- Kementerian ESDM sedang menguji penggunaan Compressed Natural Gas sebagai alternatif bahan bakar rumah tangga guna menekan ketergantungan LPG.
- Pakar migas menilai CNG tidak praktis untuk rumah tangga karena membutuhkan tabung berukuran besar dan material sangat tebal.
- Penggunaan CNG berisiko tinggi di pemukiman padat akibat tekanan ekstrem sehingga lebih disarankan untuk kebutuhan sektor industri saja.
Suara.com - Kementerian Energi dan Sumber Daya Mineral (ESDM) saat ini tengah menjajaki penggunaan Compressed Natural Gas (CNG) sebagai alternatif bahan bakar rumah tangga guna menekan ketergantungan pada LPG.
Salah satu langkah yang sedang diuji coba adalah pengemasan CNG dalam ukuran tabung 3 kilogram. Namun, rencana ini memicu diskusi hangat di kalangan ahli industri migas karena kendala teknis dan kepraktisan.
Ketua Komite Investasi Asosiasi Perusahaan Minyak dan Gas (Aspermigas), Moshe Rizal, memberikan catatan kritis terkait dimensi fisik gas alam terkompresi tersebut.
Menurutnya, karakteristik CNG sangat berbeda dengan LPG, yang berdampak langsung pada bentuk dan bobot tabung di tangan konsumen kelak.
Dimensi Tabung: Isi 3 Kg, Ukuran "Raksasa"
Masalah utama terletak pada densitas atau kerapatan energi. Moshe menjelaskan bahwa CNG memiliki densitas energi sekitar 2,5 kali lebih rendah dibandingkan dengan LPG.
Artinya, untuk menghasilkan tingkat panas atau energi yang setara dengan 3 kg LPG, volume gas CNG yang dibutuhkan jauh lebih banyak.
"Bayangkan jika kita memikirkan tabung CNG 3 kilogram.

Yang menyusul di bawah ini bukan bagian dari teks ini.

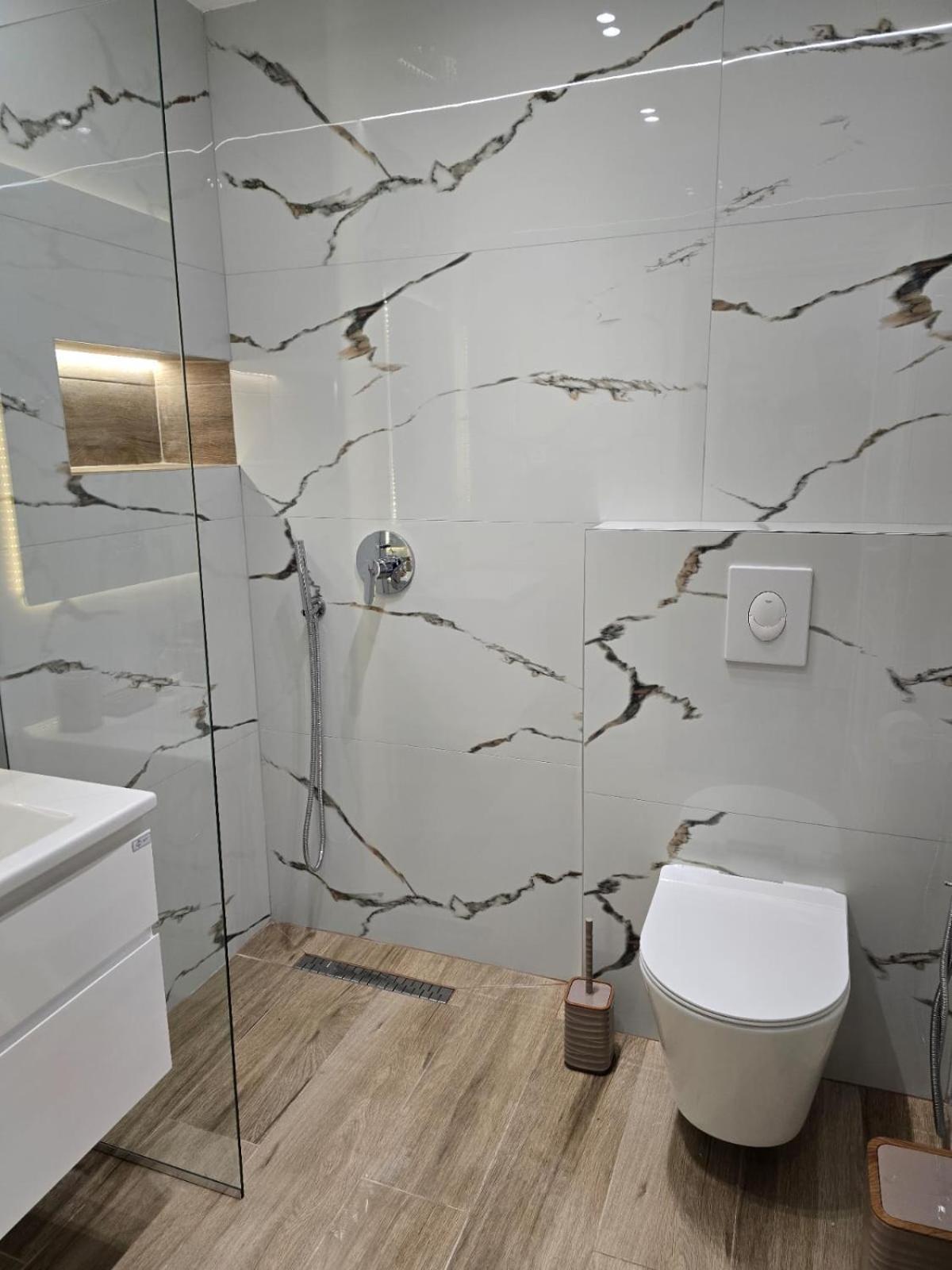 Aila Apartment Sarandë エクステリア 写真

Itu isinya, tetapi untuk mendapatkan densitas energi yang sama, fisik tabungnya sendiri kemungkinan besar justru akan lebih besar daripada tabung LPG 12 kilogram yang kita kenal sekarang," ungkap Moshe saat memberikan keterangan kepada media, Rabu (6/5/2026).
Selain ukuran yang membengkak, tabung CNG juga menuntut spesifikasi material yang jauh lebih kokoh. Hal ini disebabkan oleh perbedaan tekanan yang mencolok:
LPG: Hanya memiliki tekanan sebesar 5–10 bar.
CNG: Memerlukan tekanan ekstrem mencapai 200–250 bar.
Tekanan yang 25 kali lipat lebih kuat ini mewajibkan tabung dibuat jauh lebih tebal untuk menjamin stabilitas dan mencegah risiko ledakan.
"Ujung-ujungnya tabungnya jadi lebih berat. Sudah lebih besar, lebih berat pula. Bahkan bobot tabungnya bisa melampaui berat gas di dalamnya," tambahnya.
![Petugas memindahkan tabung Liquefied Petroleum Gas (LPG) ukuran 12 kg di agen, kawasan Pasar Rebo, Jakarta, Senin (6/4/2026). [Suara.com/Alfian Winanto]](https://media.suara.com/pictures/653x366/2026/04/06/60811-gas-elpiji-gas-lpg-gas-elpiji-12-kg-gas-lpg-12-kg-bright-gas.jpg)
Harga Karbon Fiber dan Kompor Khusus
Sebenarnya terdapat solusi teknologi untuk mengatasi bobot tabung yang berat, yakni menggunakan material carbon fiber.